For this exercise, return all the data word for word, with images left out.

Data extract ->
== Segment start ==

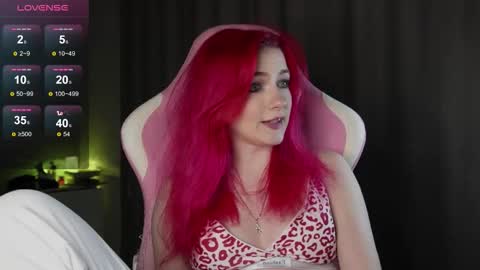 Snapshot of ooliviaa chatting on 11/05/25, 01:33 Hannah online show from 11/05/25, 01:33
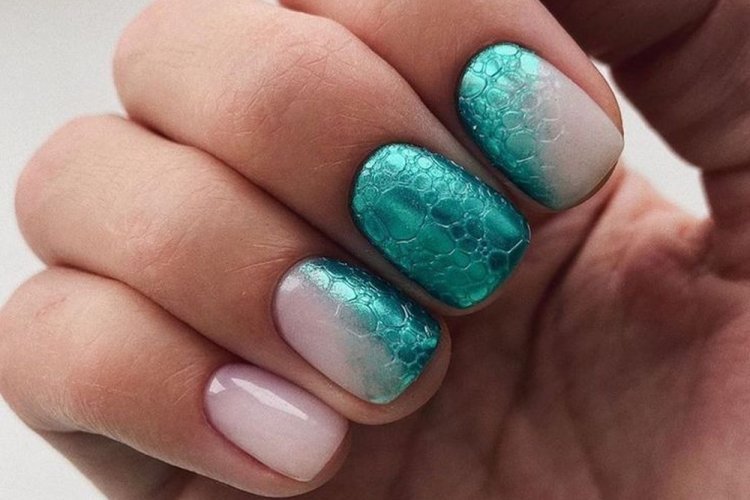 Texture manicure for short nails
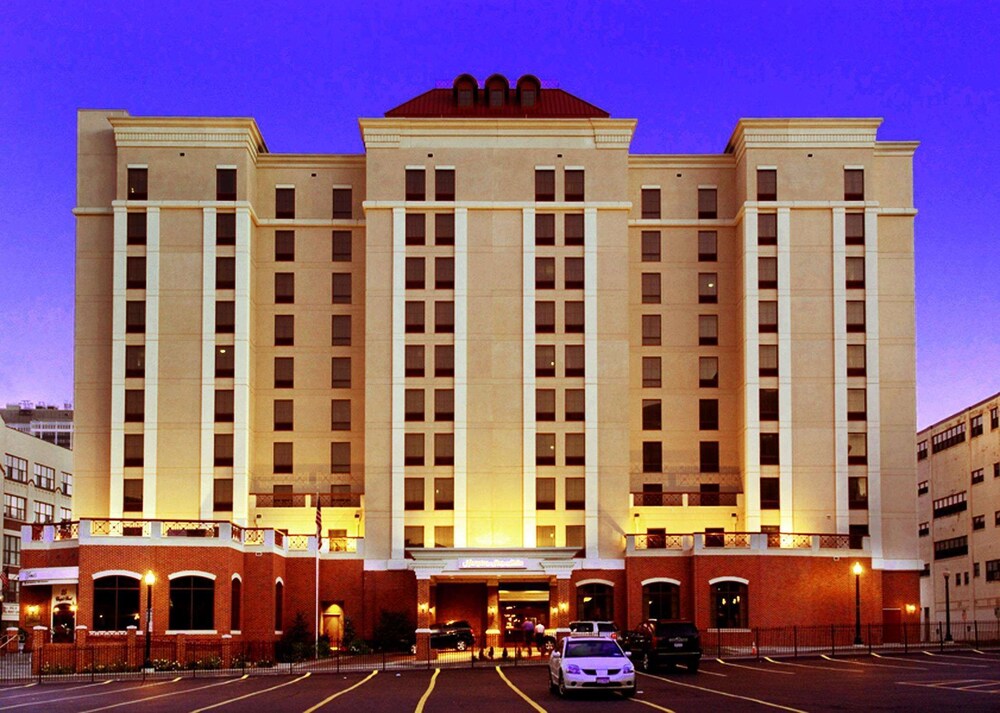 Hampton Inn Suites Albany Downtown — Albany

== Segment end ==

Exercise result ->
 Snapshot of ooliviaa chatting on 11/05/25, 01:33 Hannah online show from 11/05/25, 01:33
 Texture manicure for short nails
 Hampton Inn Suites Albany Downtown — Albany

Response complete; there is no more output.